## Brief descriptive captions:

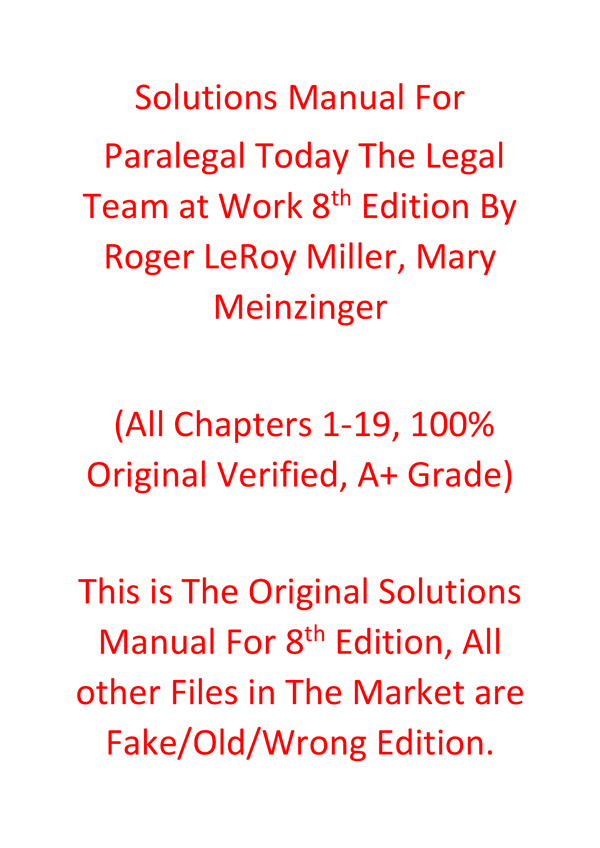 Solutions Manual For Paralegal Today The Legal Team at Work 8th Edition By Roger LeRoy Miller, Mary Meinzinger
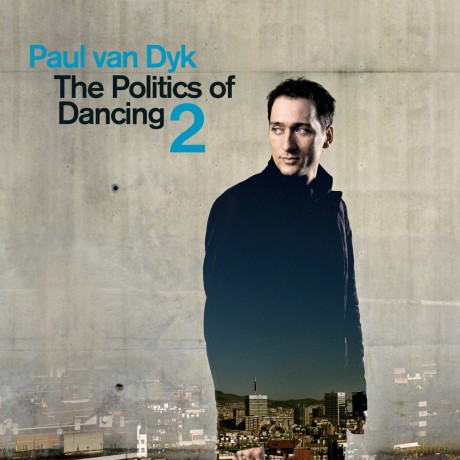 Paul Van Dyk: Politics of Dance Part II [2CD]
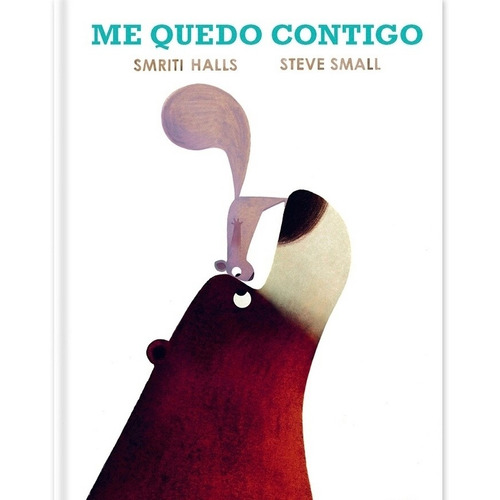 Libro Me Quedo Contigo - Smriti Halls, Steve Small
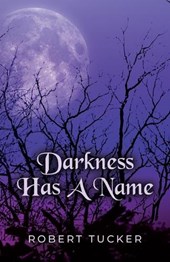 Darkness Has A Name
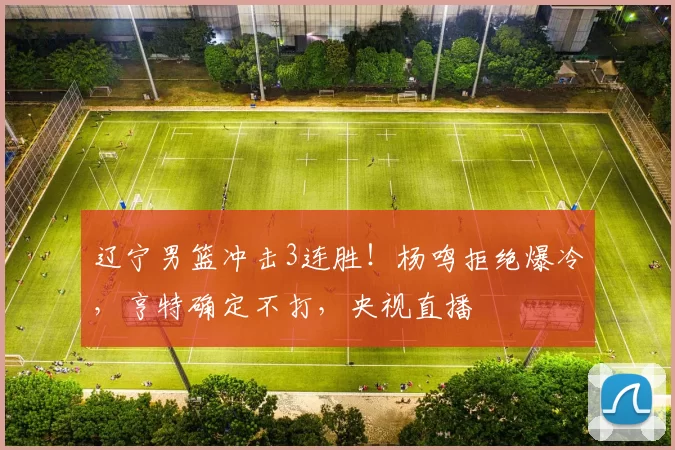 辽宁男篮冲击3连胜！杨鸣拒绝爆冷，亨特确定不打，央视直播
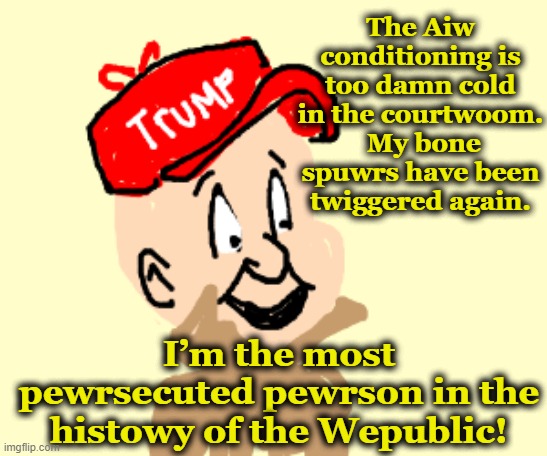 Trumps Persecution | The Aiw conditioning is too damn cold in the courtwoom.  My bone spuwrs have been twiggered again. I’m the most pewrsecuted pewrson in the histowy of the Wepublic! | image tagged in donald trump,maga,trump,nevertrump,donald trump is an idiot,donald trump the clown | made w/ Imgflip meme maker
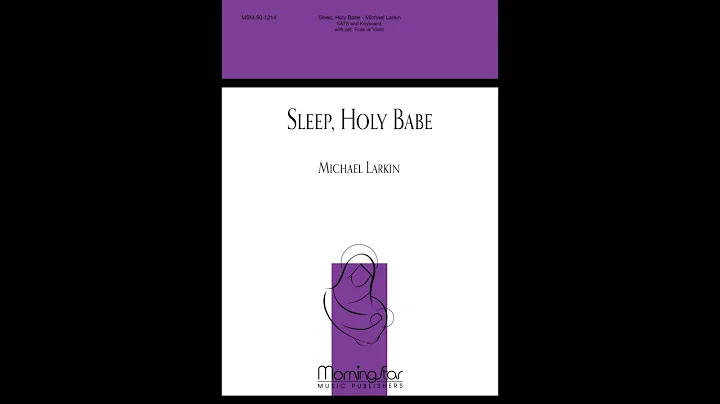 "Sleep, Holy Babe" by Michael Larkin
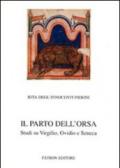 Il parto dell'orsa. Studi su Virgilio, Ovidio e Seneca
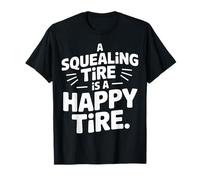 A Squealing Tire is A Happy Tire Mechanic Car Drift - T-Shirt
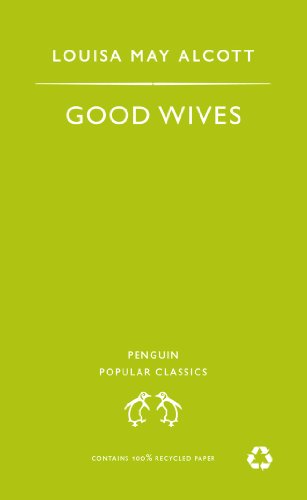 Beispielbild fr Good Wives (Penguin Popular Classics) zum Verkauf von Wonder Book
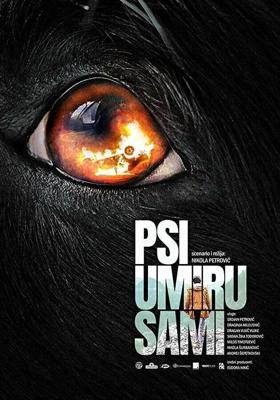 Псы умирают в одиночку / Psi umiru sami (2019) смотреть онлайн бесплатно в отличном качестве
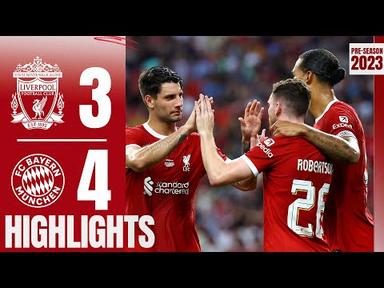 Highlights: Liverpool 3-4 Bayern Munich | Gakpo, van Dijk &amp; Díaz score in Singapore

## EXERCISE DETAILS:
Transcribe exactly the lines running from the line with "Trumps Persecution |" to the last line of the entries. Pictures stay out of the copy.

## FINAL ANSWER:
 Trumps Persecution | The Aiw conditioning is too damn cold in the courtwoom.  My bone spuwrs have been twiggered again. I’m the most pewrsecuted pewrson in the histowy of the Wepublic! | image tagged in donald trump,maga,trump,nevertrump,donald trump is an idiot,donald trump the clown | made w/ Imgflip meme maker
 "Sleep, Holy Babe" by Michael Larkin
 Il parto dell'orsa. Studi su Virgilio, Ovidio e Seneca
 A Squealing Tire is A Happy Tire Mechanic Car Drift - T-Shirt
 Beispielbild fr Good Wives (Penguin Popular Classics) zum Verkauf von Wonder Book
 Псы умирают в одиночку / Psi umiru sami (2019) смотреть онлайн бесплатно в отличном качестве
 Highlights: Liverpool 3-4 Bayern Munich | Gakpo, van Dijk &amp; Díaz score in Singapore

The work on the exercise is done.